Apa isi gugatan terhadap Boeing?

Gugatan terhadap Boeing menyoroti sistem kendali otomatis penerbangan yang didesain untuk mencegah pilot menaikkan hidung pesawat "secara berbahaya".

Akan tetapi, "dalam kondisi-kondisi tertentu (sistem ini) bisa menukikkan hidung pesawat secara tak terduga dan sedemikiah kuat sehingga pilot tidak mampu menaikkannya kembali guna menghindari tabrakan".

"Fitur otomatis ini bisa menyala walaupun pilot menerbangkan pesawat secara manual dan tidak mengira komputer pengendali penerbangan akan menyala."

"Cukup mengagetkan mendengar dari pakar penerbangan dan kepala serikat pilot bahwa Boeing gagal memperingatkan pelanggan dan pilot pesawat 737 Max yang baru ini mengenai perubahan signifikan dalam sistem kendali penerbangan."

Curtis Miner menyatakan sesuai perjanjian internasional, badan penyelidik dari Indonesia dilarang menentukan siapa yang bertanggung jawab atau siapa yang bersalah.

Komite Nasional Keselamatan Transportasi (KNKT), menurutnya, hanya diperbolehkan membuat rekomendasi keselamatan untuk industri penerbangan di masa depan.

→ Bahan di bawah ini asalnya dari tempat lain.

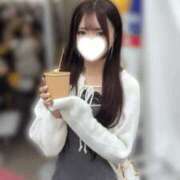 ヒメ日記 2025/09/29 20:30 投稿 天川　かりん プルプル倶楽部 札幌すすきの店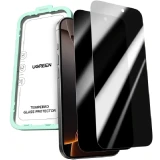 Защитное стекло UGREEN SP1154 (95606)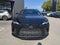2026 Lexus RX 350 PREMIUM AWD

"Inilah sebabnya mengapa tindakan hukum atas nama keluarga korban begitu vital," ujar Curtis Miner.

"Penyelidik dari pemerintah biasanya tidak menentukan siapa yang bersalah dan kompensasi yang adil kepada keluarga-keluarga ini tidak akan diberikan oleh penyelidik pemerintah. Itulah peran penting tuntutan hukum dalam tragedi seperti ini," sambungnya.

Sementara itu, Boeing menyatakan tidak bisa "mendiskusikan secara spesifik investigasi yang tengah berlangsung."

Sebelumnya, Komite Nasional Keselamatan Transportasi (KNKT) menunjukkan pesawat Lion Air JT 610 mengalami kerusakan pada indikator kecepatan dalam empat penerbangan terakhir, termasuk saat jatuh di perairan Karawang, Jawa Barat, pada 29 Oktober lalu.

"Memang kita sudah akui penerbangan dari Denpasar ke Jakarta ada masalah teknis. Ternyata begitu kita buka black boxnya memang yang dimaksud teknis tadi adalah masalah airspeed atau kecepatan dari pesawat," ucap Kepala Sub Komite Investigasi Kecelakaan Penerbangan KNKT, Nurcahyo Utomo, 5 November lalu.

"Ternyata dari data black box itu, dua (penerbangan) sebelum Denpasar pun juga mengalami (kerusakan)," lanjutnya.

Berencana menikah

Dokter Rio Nanda Pratama merupakan salah satu dari 189 penumpang dan awak pesawat Lion Air JT 610 yang meninggal dunia.

Mendiang berencana melangsungkan pernikahan dengan calon istrinya, Intan Indah Syari, pada 11 November 2018. Adapun resepsinya direncanakan tanggal 23 Desember, bertepatan dengan 13 tahun hubungan keduanya.

Namun, pada 11 November 2018, Intan Indah Syari dirias sebagai pengantin putri, sendirian, tanpa kehadiran Rio.